The NBS recorded 10.62 million new births in China in 2021, a figure that barely exceeded the number of deaths (10.14 million) reported nationally for the same year. China’s birthrate, or the number of births per one thousand people, fell from 8.52 in 2020 to 7.52 in 2021.
China’s population at the end of 2021 was 1.413 billion, or an increase of just 0.034 percent from the 1.412 billion people documented in China at the end of 2020, according to NBS data released on Monday.
These numbers reveal that China’s birth rate for 2021 was the lowest in 61 years.
Chinese demographers anticipated a “population zero-growth period” for China from 2021 to 2025, according to Du Peng, a sociology and population studies professor at the Renmin University of China. Du told China’s state-run Global Times on Monday demographers based this grim prognostication on China’s waning new births and aging population, which had already become evident in recent years.
“[T]he general trend of zero growth will not be altered,” Du predicted of China’s population prospects on January 17.
China’s ruling Communist Party has long imposed limits on the number of children couples in the country may have. Beijing currently allows families to have up to three children. The Chinese Communist Party raised the child limit to three in May 2020 after previously increasing it to two in 2016. The Chinese Communist Party allowed couples to have no more than one child from about 1980 until 2016. Beijing imposed its infamous “one-child policy” in the late 1970s in an effort to control what was then a booming Chinese population, killing over 400 million people.

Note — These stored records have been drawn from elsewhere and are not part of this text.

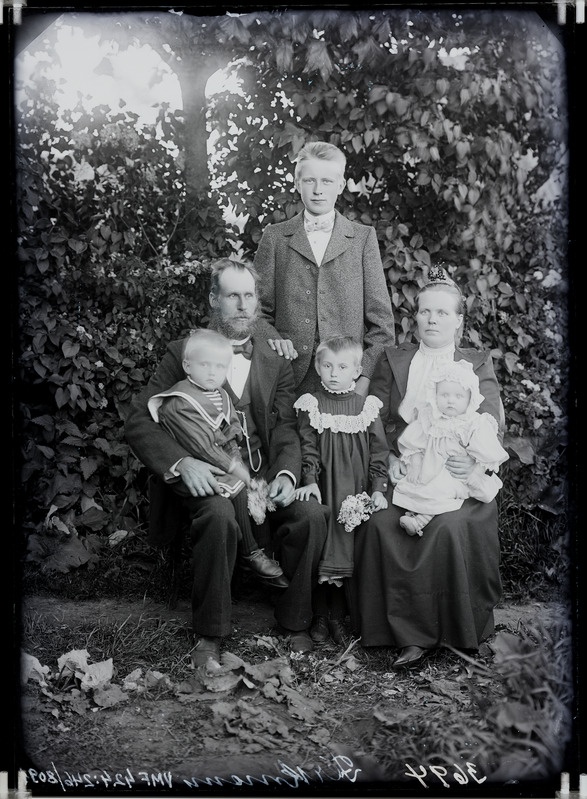 fotonegatiiv, Ferkmann, pere looduses, lapsed (4), täisportree, 1904 foto J .Riet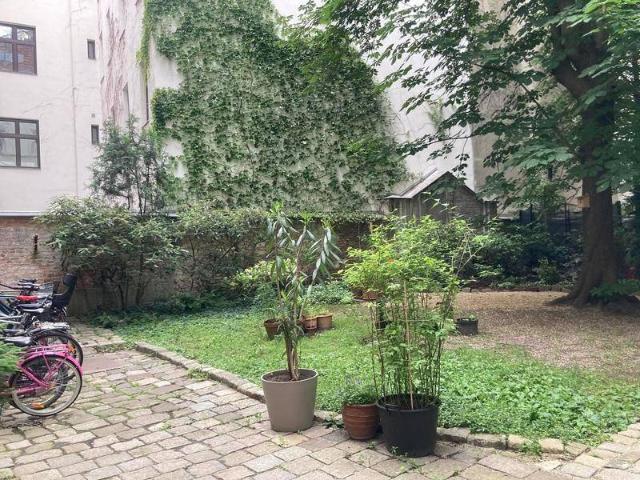 Großzügige, helle 124m2 Altbauwohnung letzter Liftstock Nähe Augarten!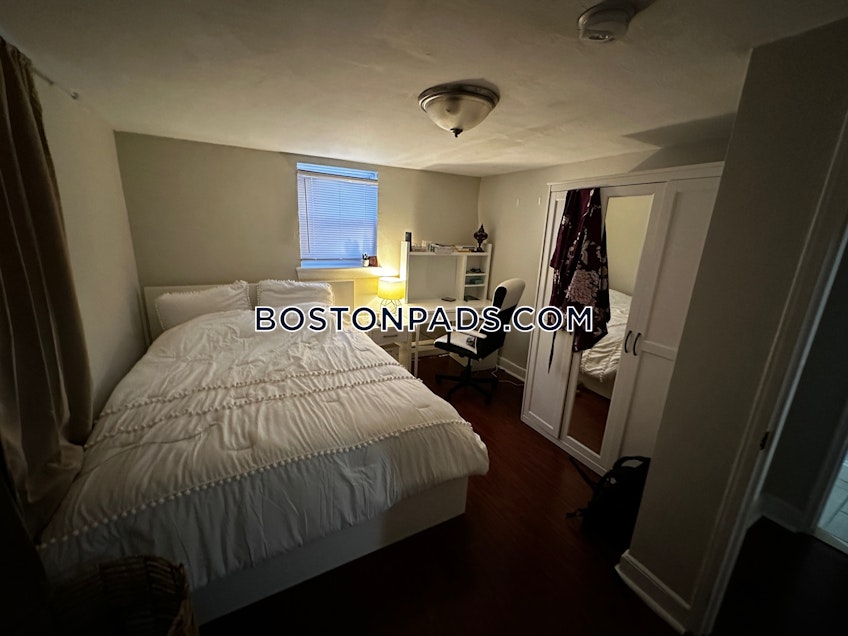 Boston - $2,720 /month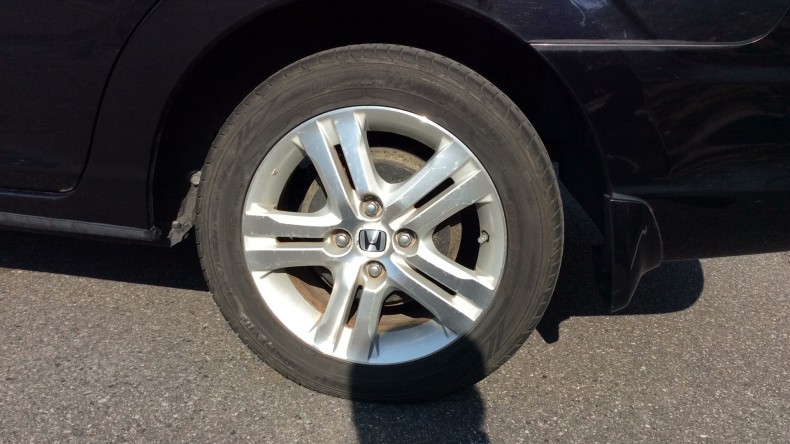 タイヤホイール前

China now suffers from not only the prospect of a shrinking population but also demographic warping after the “one-child policy,” coupled with a cultural preference for boys, caused generations of Chinese women to selectively abort their female babies for over four decades. The result is a modern population in which the number of Chinese men aged 20 to 40 years old outnumbers Chinese women in the same age group by 17.5 million.